「安全第一」「〇〇第二」「〇〇第三」で生産性がアップ?
ものづくり現場でもおなじみのスローガン「安全第一」。 実はそれには続きの言葉があることをご存じでしょうか。
安全の重要性は誰もが認識しているものの、あまりにも見聞きし慣れたフレーズだけに、本来の意図や意味が風化してしまいがちです。「〇〇第二」「〇〇第三」を知ることによって、安全第一を守る理由が明確になり、現場の意識が変わるきっかけとなり得ます。
- この記事でわかること
「安全第一」は、ものづくりの現場で生まれた名言!?
「安全第一」という考え方が生まれたのは、1900年代初頭のアメリカ。当時のアメリカは1800年代後半から始まった第2次産業革命の中心で、大幅に国内産業を成長させていました。ガソリン自動車の大量生産が始まったのもこの時代です。
当時のアメリカの工場では「生産第一・品質第二・安全第三」が合言葉でした。安全性よりも生産性が重視されていたため、労働災害が日常的に起きていました。
この状況を打開するために、製鉄会社の経営者がスローガンを変更して作業者を守る方策に転換。すると、労働災害が減っただけではなく、作業効率が向上して生産性や品質も向上しました。やがて他の工場もそれに倣うようになったといわれています。
その方策が、「安全第一・品質第二・生産第三」という考え方でした。その後、安全第一というスローガンは、さまざまな現場に広く浸透していきました。
どうすれば「安全第一」を徹底できるのか
「安全第一」の起源からわかるのは、安全を重視すると、結果的に生産性や品質が向上するということです。しかし、「安全第一」というスローガンだけが独り歩きしている現場では、こうした本来の意図やメリットにまで考えが及ばないことでしょう。
昨今は、製造業において適切な安全衛生管理が義務付けられています。しかし、取り組みにおいて、労働災害による損害の大きさなどネガティブな理由が強調されがちです。しかし、安全衛生管理によるメリットを現場レベルで発信していくことで、皆がより参加意識を持つことができるのではないでしょうか。

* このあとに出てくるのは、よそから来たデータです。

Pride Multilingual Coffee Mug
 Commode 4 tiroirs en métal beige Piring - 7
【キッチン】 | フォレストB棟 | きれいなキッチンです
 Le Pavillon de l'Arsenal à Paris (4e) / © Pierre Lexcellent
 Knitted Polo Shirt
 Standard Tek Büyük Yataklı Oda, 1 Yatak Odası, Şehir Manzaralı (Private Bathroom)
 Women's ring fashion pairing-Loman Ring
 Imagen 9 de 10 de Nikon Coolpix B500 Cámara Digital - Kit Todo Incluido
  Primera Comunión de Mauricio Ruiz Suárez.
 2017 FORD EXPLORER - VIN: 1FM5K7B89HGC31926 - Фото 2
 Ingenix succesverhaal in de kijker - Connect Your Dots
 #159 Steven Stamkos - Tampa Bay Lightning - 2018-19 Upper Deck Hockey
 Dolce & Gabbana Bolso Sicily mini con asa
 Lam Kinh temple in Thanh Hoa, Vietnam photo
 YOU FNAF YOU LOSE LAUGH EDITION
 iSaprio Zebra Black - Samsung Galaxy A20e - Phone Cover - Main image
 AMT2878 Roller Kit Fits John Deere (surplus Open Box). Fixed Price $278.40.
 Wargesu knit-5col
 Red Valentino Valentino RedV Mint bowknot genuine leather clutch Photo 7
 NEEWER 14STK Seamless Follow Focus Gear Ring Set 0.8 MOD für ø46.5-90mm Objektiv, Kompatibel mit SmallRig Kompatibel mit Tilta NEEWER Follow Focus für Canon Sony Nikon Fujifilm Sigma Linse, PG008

たとえば、安全衛生管理活動の一環として作業場の片付けや整理整頓を行うことで、下記のようなメリットを提示することができます。
- ・工具や治具を探す手間がなくなる
- ・動線がスムーズになり、作業性と同時に安全性が向上する
- ・作業者の働きにくさだけでなく、リスクも解消される
これにより、作業の効率化や生産性の向上はもちろん、仕事へのモチベーションにも良い影響が期待できます。
ものづくり現場に「安全第一」を定着させるポイント
班やチームなど小集団で安全衛生管理に関する意識や行動が改善できても、企業全体で実施することは簡単ではありません。
これを全社的に浸透させるには、まずトップが意思表示をしてコンセンサスを形成することが効果的といわれています。事業主や工場長が安全衛生管理に積極的に取り組むことを明確に伝え、実際の活動でも率先して行動することで、作業員に本気度を示すことができます。
実際に、厚生労働省が発表している製造業の安全衛生管理の取り組み事例には、たとえば下記のような事象が報告されています。
- ・社長と工場長が定期的に各職場の安全衛生チェックを行ったところ、従業員の意識が向上して改善が進んだ。
- ・社長自らが面談を行い、健康管理の指導を行ったところ、「社長が言うなら」と健康管理を行う従業員が増えた。
こうした取り組み事例から、ただスローガンを掲げて安全衛生管理の担当者に任せるだけでなく、会社のトップはもちろん管理者や持ち場のリーダーなども積極的に安全衛生管理へかかわり、作業者と意識を共有することが有効であるということがわかります。
安全衛生管理への理解や取り組みの手法を改善することは、現場に「安全第一」本来の意味を根付かせ、作業環境や生産性を「改善」する転機となり得ます。